I also posted this on Satelliteguys

I am finishing my basement and putting in a home theater. I have a Sony KF60WE610 RP LCD and am getting a Yamaha RX-V1400 A/V receiver and want to get a 921. My equipment is about a 20' cable run from my TV. The TV has a DVI input. I could put the 921 below the TV, but I still must get audio from the 921 to the Receiver. If I put the 921 with the other equipment then I need a 20' DVI cable. Any ideas on cost? Can I get a clean DVI signal over a 20' run. 

I also have a Dish 500 with a SW44 switch hooked to 3 receivers. Do I need a new dish and/or switch with the 921? 

Thanks. 
John


----------



## Mark Lamutt (Mar 24, 2002)

I can't help you with the 20' DVI cable...don't have any idea.

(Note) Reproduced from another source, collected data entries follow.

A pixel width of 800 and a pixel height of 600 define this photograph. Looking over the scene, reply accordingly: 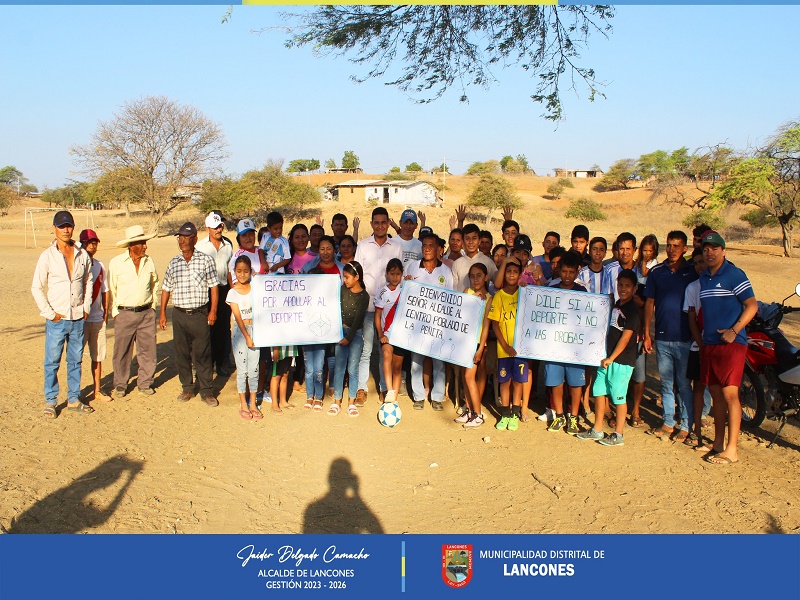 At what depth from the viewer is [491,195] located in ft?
165

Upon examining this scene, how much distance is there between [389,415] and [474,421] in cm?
100

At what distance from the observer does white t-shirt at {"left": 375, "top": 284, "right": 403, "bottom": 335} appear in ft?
24.1

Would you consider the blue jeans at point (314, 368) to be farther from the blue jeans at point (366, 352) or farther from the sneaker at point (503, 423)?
the sneaker at point (503, 423)

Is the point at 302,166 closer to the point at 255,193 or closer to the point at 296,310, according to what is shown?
the point at 255,193

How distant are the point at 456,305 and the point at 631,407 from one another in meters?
2.69

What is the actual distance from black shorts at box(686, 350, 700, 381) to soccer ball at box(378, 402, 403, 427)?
3.24 meters

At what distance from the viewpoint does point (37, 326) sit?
12.1m

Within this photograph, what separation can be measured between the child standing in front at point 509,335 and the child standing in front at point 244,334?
112 inches

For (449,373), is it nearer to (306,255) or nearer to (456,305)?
(456,305)

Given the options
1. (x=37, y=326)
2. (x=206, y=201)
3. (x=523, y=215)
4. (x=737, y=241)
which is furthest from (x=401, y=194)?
(x=37, y=326)

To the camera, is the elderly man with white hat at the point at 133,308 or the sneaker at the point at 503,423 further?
the elderly man with white hat at the point at 133,308

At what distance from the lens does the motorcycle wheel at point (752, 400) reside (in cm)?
654

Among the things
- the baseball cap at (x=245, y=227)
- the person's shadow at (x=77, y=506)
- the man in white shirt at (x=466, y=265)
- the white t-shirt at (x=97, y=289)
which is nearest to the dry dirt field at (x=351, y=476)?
the person's shadow at (x=77, y=506)

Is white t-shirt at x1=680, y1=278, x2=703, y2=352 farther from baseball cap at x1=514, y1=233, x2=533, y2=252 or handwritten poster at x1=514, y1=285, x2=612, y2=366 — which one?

But, you will need 2 outputs from your switch to connect to your 921, so you'll either have to ditch one of your receivers, or upgrade your system to dishpro and get 2 DP34 switches, or wait for the DPP44 switch to be released, and then you'll be able to connect both tuners on the 921 to one output from that switch using DPP diplexors. The last option isn't here yet, and the second option costs $$ to do.


----------



## kstevens (Mar 26, 2003)

Mark Lamutt said:


> I can't help you with the 20' DVI cable...don't have any idea.
> 
> But, you will need 2 outputs from your switch to connect to your 921, so you'll either have to ditch one of your receivers, or upgrade your system to dishpro and get 2 DP34 switches, or wait for the DPP44 switch to be released, and then you'll be able to connect both tuners on the 921 to one output from that switch using DPP diplexors. The last option isn't here yet, and the second option costs $$ to do.


Any idea what the dpp44 will cost?

Thanks

Ken


----------



## Mark Lamutt (Mar 24, 2002)

No clue, as they aren't available yet...but my _guess_ is in the $150-$175 range.


----------



## ericha (Jan 21, 2003)

You could also put up another dish, or use the dish-suggested method of paralleling 2 SW-64's (see: http://www.dishnetwork.com/downloads/pdf/technology/installation/install-5.pdf ).

Does anyone know if you can parallel 2 SW44s?


----------



## Doody (Dec 17, 2003)

different sources will sometimes give you different data on DVI maximum cable lengths.

i believe 5M is generally considered maximum. you can buy and run longer, but you'll start to see "sparklies" in the image - digital noise from signal degradation.

for longer runs, they make optical-transceivered cables that convert the signal to send it over an optical fiber and then back again on the other end. you might poke around at http://www.cellarcinemas.com/ - i got one there (quite a while ago).

doody.


----------